El primero de los mencionados, visto desde la perspectiva de la finalidad del amparo, impide que se convierta en factor de inseguridad jurídica con el cual se produzca la vulneración de garantías constitucionales de terceros, como también que se desnaturalice el mismo trámite, en tanto la protección que constituye su objeto, ha de ser efectiva e inmediata ante una vulneración o amenaza actual.

Frente a este tema, la jurisprudencia de esta Sala ha sostenido que “aquellas situaciones en que el hecho violatorio del derecho fundamental no guarde razonable cercanía en el tiempo con el ejercicio de la acción, no debe, en principio, ser amparado, en parte a modo de sanción por la demora o negligencia del accionante en acudir a la jurisdicción para reclamar tal protección y, también, por evitar perjuicios, estos si actuales, a terceros que hayan derivado situaciones jurídicas de las circunstancias no cuestionadas oportunamente”.

Más adelante, la Corporación señaló: “En punto al requisito de la inmediatez, connatural a esta acción pública, precisa señalar que así como la Constitución Política, impone al Juzgador el deber de brindar protección inmediata a los derechos fundamentales, al ciudadano le asiste el deber recíproco de colaborar para el adecuado funcionamiento de la administración de justicia (ordinal 7, artículo 95 Superior), en este caso, impetrando oportunamente la solicitud tutelar, pues la demora en el ejercicio de dicha acción constitucional, puede tomarse, ora como síntoma del carácter dudoso de la lesión o puesta en peligro de los derechos fundamentales, o como señal de aceptación a lo resuelto, contrario en todo caso la urgencia, celeridad, eficacia e inmediatez inherente a la lesión o amenaza del derecho fundamental.

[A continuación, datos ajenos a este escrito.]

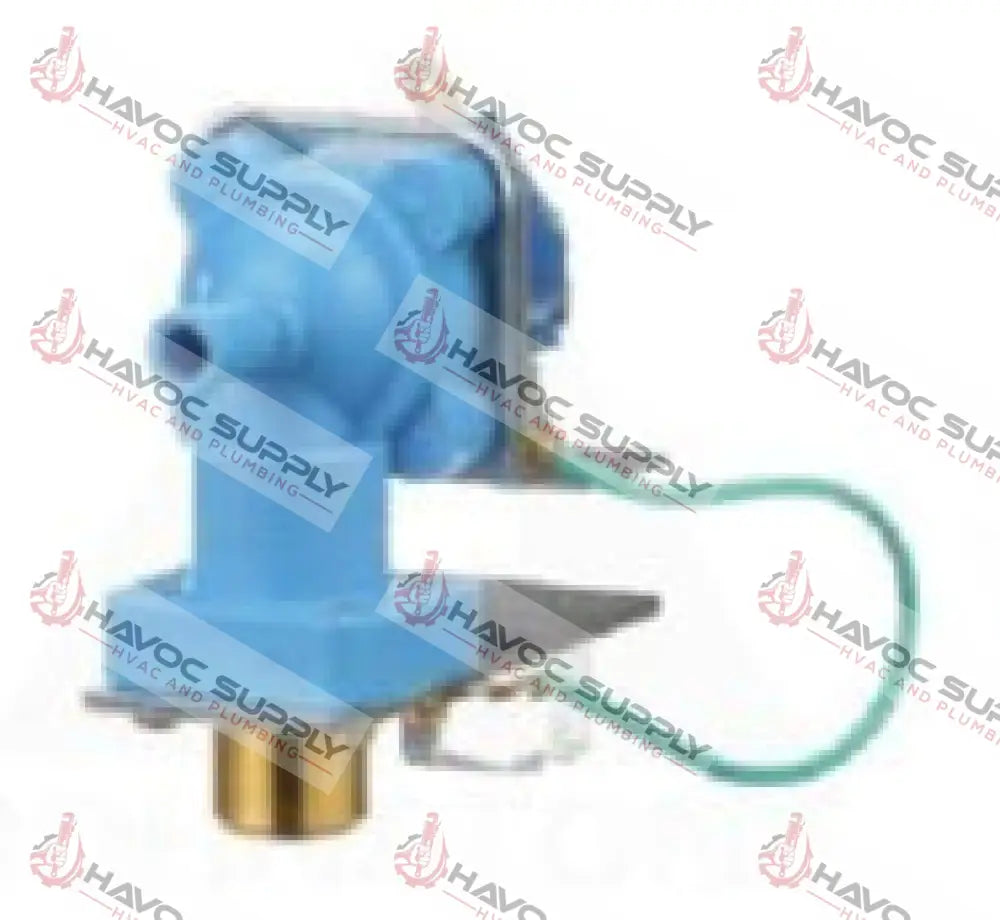 56675A - ICE MACHINE VALVE 240V - HAVOC SUPPLY, LLC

Precisamente, en orden a procurar el cumplimiento del memorado requisito, la Sala en reiterados pronunciamientos ha considerando por término razonable para la interposición de la acción el de seis meses”. Así las cosas, el eventual afectado debe procurar acudir oportunamente a este mecanismo excepcional, pues su prolongado silencio es signo inequívoco de asentimiento frente a la decisión atacada, a lo que se adiciona que al desatender el comentado principio, la acción de tutela se puede convertir en un instrumento generador de incertidumbre e incluso de vulneración de los derechos de terceros. 2.

En el caso que se examina, es claro que la petición de tutela no atiende el postulado que se comenta, toda vez que los hechos sobre los cuales edifica su alegación de quebranto de las garantías fundamentales, tuvieron lugar aproximadamente un año y ocho meses antes de que formulara la petición de amparo, que se presentó el 2 de septiembre último.

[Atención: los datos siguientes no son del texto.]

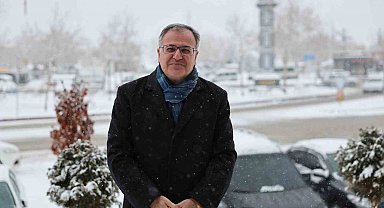 Hacılar Belediyesi yeniden sahaya indi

En efecto, el tutelante se considera lesionado porque sin practicar las pruebas que oportunamente solicitó, se dictó sentencia en la que se ordenó seguir adelante con la ejecución, y se declararon infundados los medios exceptivos que formuló, debido a que no logró acreditar que la letra de cambio se otorgó con espacios en blanco, y se diligenció sin atender las instrucciones de su otorgante, y por lo tanto, a su juicio, se le cobra una suma que no adeuda.

De ahí, que como los fallos de primera y de segunda instancia, se profirieron el 9 de agosto de 2010 y el 3 de agosto de 2011, respectivamente, y con respecto a esta última decisión se negó su aclaración y adición mediante providencia de 7 de diciembre de 2011, debe concluirse que no se cumplió con el presupuesto de la inmediatez. En ese mismo orden, la providencia que negó la declaratoria de nulidad, solicitada por el ejecutado, con sustento en la causal contemplada en el numeral 6o del artículo 140 de la normatividad adjetiva, se dictó el 28 de enero de 2011, y por lo tanto, con respecto a la misma, tampoco se acató el principio bajo estudio.

Respecto de tales determinaciones, el amparo se instauró luego de superado ampliamente el término que la jurisprudencia, según lo que se explicó, ha indicado que es razonable a efectos de la formulación de la tutela, sin que se acredite alguna causa atendible para justificar dicha omisión. 3. Las anteriores razones se estiman suficientes para concluir que en el asunto no hay lugar a dispensar la protección reclamada.

III. DECISIÓN En mérito de lo expuesto, la Corte Suprema de Justicia, en Sala de Casación Civil, administrando justicia en nombre de la República y por autoridad de la ley, NIEGA el amparo de los derechos invocados por el actor. Comuníquese telegráficamente esta decisión a los interesados y en oportunidad, remítase el expediente a la Corte Constitucional para su eventual revisión, en caso de no que no se impugne este fallo.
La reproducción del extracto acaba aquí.